All of which is to say: No one cares. Russian elections are a known and tightly choreographed quantity. The joke making the rounds in Moscow when Dmitry Medvedev was up for election in the spring of 2008 was Medvedev’s mom calling on election night, frantically asking if he’d won. “Mom,” he says, “don’t you fuck with me, too.” Even the opposition parties — the “loyal opposition” successfully co-opted and neutered by the Kremlin — don’t mind the fraud as long as they still get to play ball.

Because no one cares, it’s the same every time: An election is held, a few dedicated pensioners vote, and United Russia — the party of power, the party of the Kremlin, the party of Putin — reasserts its overwhelming primacy.

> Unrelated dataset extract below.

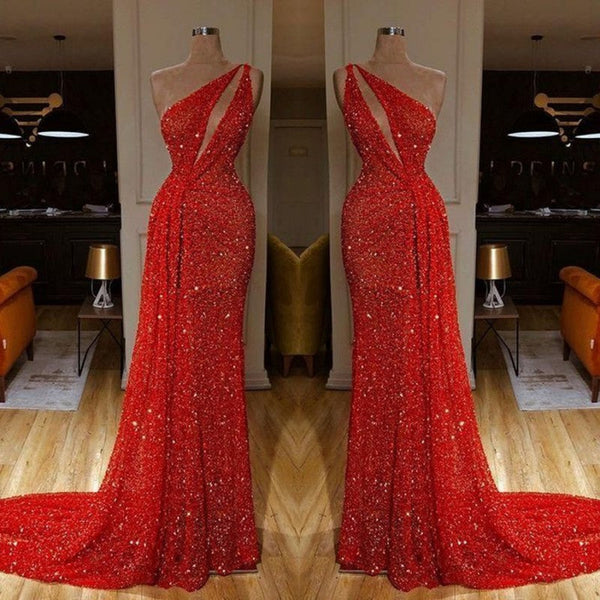 Red Long Mermaid One Shoulder Sequins Prom Dresses-showprettydress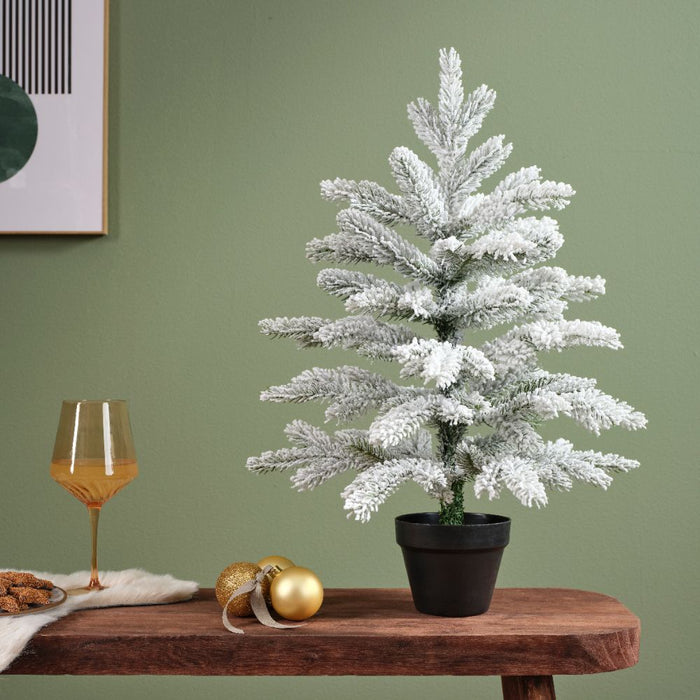Kaemingk 60cm Snowy Grandis Potted Mini Artificial Christmas Tree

And this time, at least at first, it seemed like everything would unfold as planned. On Oct. 11, United Russia swept back into control of political offices up and down the country’s command chain by huge, double-digit margins. In the Moscow Duma elections, for instance, United Russia took 32 of the 35 seats (that is, 91 percent), leaving three seats to the Communists, and forcing out the Kremlin-engineered A Just Russia Party (SR) and the liberal Yabloko Party entirely. The number of parties in the chamber was cut in half. (A United Russia deputy told me, somewhat disingenuously, that his party colleagues in the Moscow Duma were dismayed to be stuck with just the Communists. “Before, Yabloko just sat there and criticized us. But so what? It was food for thought,” he said. “Now we have to listen to three Communists. And their criticism isn’t usually constructive.”)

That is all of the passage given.